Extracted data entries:
▬▬▬

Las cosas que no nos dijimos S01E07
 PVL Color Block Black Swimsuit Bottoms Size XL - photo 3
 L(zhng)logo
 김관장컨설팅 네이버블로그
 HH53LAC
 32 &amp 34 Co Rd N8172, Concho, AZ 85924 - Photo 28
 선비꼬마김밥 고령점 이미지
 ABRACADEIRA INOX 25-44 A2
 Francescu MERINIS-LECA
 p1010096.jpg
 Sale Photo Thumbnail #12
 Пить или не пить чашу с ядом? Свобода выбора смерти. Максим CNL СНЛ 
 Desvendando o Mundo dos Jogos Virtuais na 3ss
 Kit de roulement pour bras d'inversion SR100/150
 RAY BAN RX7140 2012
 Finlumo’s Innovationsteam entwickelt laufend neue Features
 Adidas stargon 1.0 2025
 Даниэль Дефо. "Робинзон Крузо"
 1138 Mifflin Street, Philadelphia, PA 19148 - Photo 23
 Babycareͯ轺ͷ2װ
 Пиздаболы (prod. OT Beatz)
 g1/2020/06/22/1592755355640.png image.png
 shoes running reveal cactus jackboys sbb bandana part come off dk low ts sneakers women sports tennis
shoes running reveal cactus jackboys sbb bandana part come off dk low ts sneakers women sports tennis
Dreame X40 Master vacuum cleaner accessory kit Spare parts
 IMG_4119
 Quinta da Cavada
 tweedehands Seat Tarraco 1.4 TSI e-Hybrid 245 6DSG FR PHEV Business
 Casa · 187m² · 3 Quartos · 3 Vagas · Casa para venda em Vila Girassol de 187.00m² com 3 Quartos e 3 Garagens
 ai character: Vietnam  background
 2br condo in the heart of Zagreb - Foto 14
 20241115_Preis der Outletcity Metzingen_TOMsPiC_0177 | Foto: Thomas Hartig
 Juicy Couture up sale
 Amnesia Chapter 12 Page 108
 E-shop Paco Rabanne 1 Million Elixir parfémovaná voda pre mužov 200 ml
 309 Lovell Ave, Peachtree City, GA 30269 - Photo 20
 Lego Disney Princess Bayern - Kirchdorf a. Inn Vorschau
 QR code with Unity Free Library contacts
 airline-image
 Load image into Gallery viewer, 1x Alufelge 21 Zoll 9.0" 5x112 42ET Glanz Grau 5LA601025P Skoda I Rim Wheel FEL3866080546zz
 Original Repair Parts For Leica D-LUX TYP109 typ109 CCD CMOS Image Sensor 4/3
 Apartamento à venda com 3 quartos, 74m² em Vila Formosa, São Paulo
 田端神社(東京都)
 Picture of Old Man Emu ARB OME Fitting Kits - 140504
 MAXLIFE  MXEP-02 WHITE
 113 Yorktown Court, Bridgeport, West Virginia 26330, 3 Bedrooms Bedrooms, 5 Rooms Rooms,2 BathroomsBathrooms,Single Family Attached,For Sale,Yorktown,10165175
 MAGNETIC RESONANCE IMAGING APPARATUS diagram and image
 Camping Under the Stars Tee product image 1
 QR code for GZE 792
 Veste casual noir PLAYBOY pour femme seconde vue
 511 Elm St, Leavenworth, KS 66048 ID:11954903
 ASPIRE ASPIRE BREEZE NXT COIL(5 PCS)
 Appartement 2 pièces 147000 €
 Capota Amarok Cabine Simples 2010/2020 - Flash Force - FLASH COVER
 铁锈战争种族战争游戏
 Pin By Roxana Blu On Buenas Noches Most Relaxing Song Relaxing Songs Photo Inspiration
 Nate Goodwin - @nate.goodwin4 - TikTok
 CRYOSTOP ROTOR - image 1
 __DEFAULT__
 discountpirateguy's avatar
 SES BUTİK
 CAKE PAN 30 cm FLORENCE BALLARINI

▬▬▬

Problem requirements: Where the data above reaches the line holding "g1/2020/06/22/1592755355640.png image.png", begin printing, and stop after the line holding "113 Yorktown Court, Bridgeport, West". Each line must be reproduced exactly, with nothing else added.

Completed task:
 g1/2020/06/22/1592755355640.png image.png
 shoes running reveal cactus jackboys sbb bandana part come off dk low ts sneakers women sports tennis
shoes running reveal cactus jackboys sbb bandana part come off dk low ts sneakers women sports tennis
Dreame X40 Master vacuum cleaner accessory kit Spare parts
 IMG_4119
 Quinta da Cavada
 tweedehands Seat Tarraco 1.4 TSI e-Hybrid 245 6DSG FR PHEV Business
 Casa · 187m² · 3 Quartos · 3 Vagas · Casa para venda em Vila Girassol de 187.00m² com 3 Quartos e 3 Garagens
 ai character: Vietnam  background
 2br condo in the heart of Zagreb - Foto 14
 20241115_Preis der Outletcity Metzingen_TOMsPiC_0177 | Foto: Thomas Hartig
 Juicy Couture up sale
 Amnesia Chapter 12 Page 108
 E-shop Paco Rabanne 1 Million Elixir parfémovaná voda pre mužov 200 ml
 309 Lovell Ave, Peachtree City, GA 30269 - Photo 20
 Lego Disney Princess Bayern - Kirchdorf a. Inn Vorschau
 QR code with Unity Free Library contacts
 airline-image
 Load image into Gallery viewer, 1x Alufelge 21 Zoll 9.0" 5x112 42ET Glanz Grau 5LA601025P Skoda I Rim Wheel FEL3866080546zz
 Original Repair Parts For Leica D-LUX TYP109 typ109 CCD CMOS Image Sensor 4/3
 Apartamento à venda com 3 quartos, 74m² em Vila Formosa, São Paulo
 田端神社(東京都)
 Picture of Old Man Emu ARB OME Fitting Kits - 140504
 MAXLIFE  MXEP-02 WHITE
 113 Yorktown Court, Bridgeport, West Virginia 26330, 3 Bedrooms Bedrooms, 5 Rooms Rooms,2 BathroomsBathrooms,Single Family Attached,For Sale,Yorktown,10165175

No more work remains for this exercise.